··· DATA PROVIDED ···
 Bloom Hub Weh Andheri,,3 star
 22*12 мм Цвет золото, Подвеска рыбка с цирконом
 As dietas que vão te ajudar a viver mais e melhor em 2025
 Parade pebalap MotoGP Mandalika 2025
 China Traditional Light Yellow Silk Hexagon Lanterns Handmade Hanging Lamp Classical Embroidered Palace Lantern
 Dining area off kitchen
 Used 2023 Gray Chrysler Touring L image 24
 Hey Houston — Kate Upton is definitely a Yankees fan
···
··· DATA PROVIDED ···
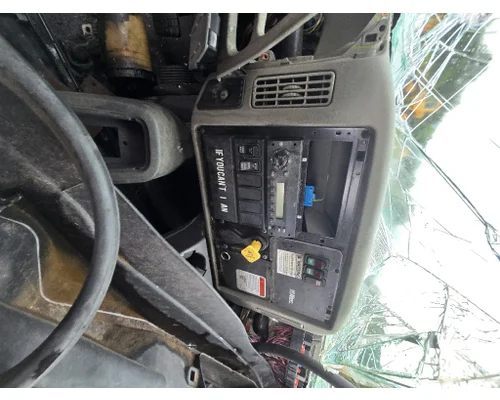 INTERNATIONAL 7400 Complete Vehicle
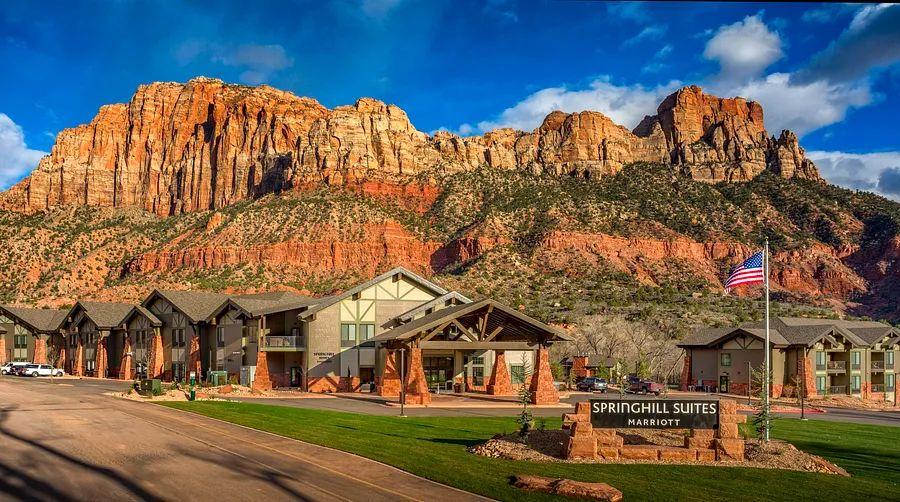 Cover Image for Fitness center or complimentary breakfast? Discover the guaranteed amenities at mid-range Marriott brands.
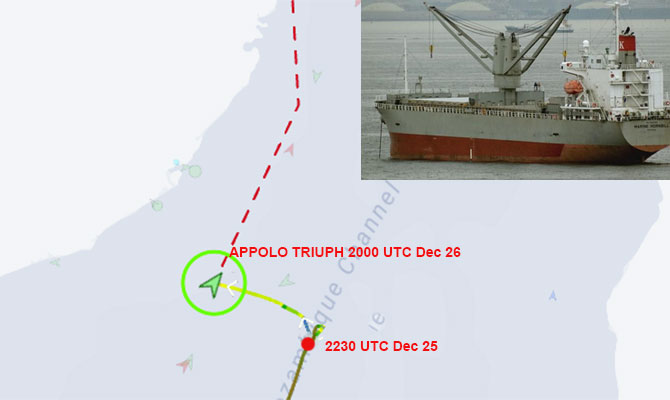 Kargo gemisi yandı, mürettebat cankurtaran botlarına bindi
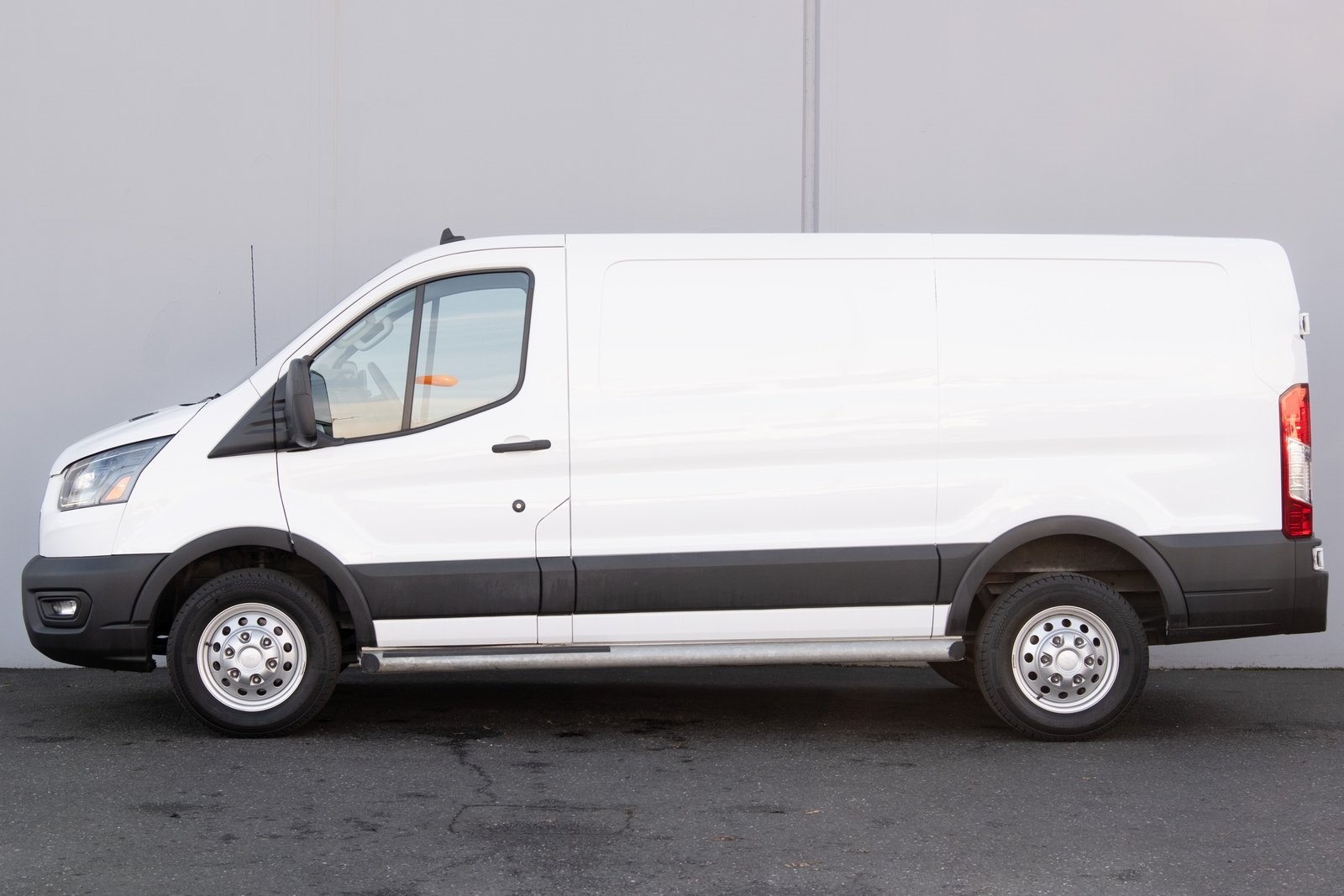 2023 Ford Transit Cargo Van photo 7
···
EXERCISE PROMPT: Can you repeat, word for word, every line above from the one containing "Bloom Hub Weh Andheri,,3 star" down to the one containing "Dining area off kitchen", including both?

ANSWER TO THIS EXERCISE:
 Bloom Hub Weh Andheri,,3 star
 22*12 мм Цвет золото, Подвеска рыбка с цирконом
 As dietas que vão te ajudar a viver mais e melhor em 2025
 Parade pebalap MotoGP Mandalika 2025
 China Traditional Light Yellow Silk Hexagon Lanterns Handmade Hanging Lamp Classical Embroidered Palace Lantern
 Dining area off kitchen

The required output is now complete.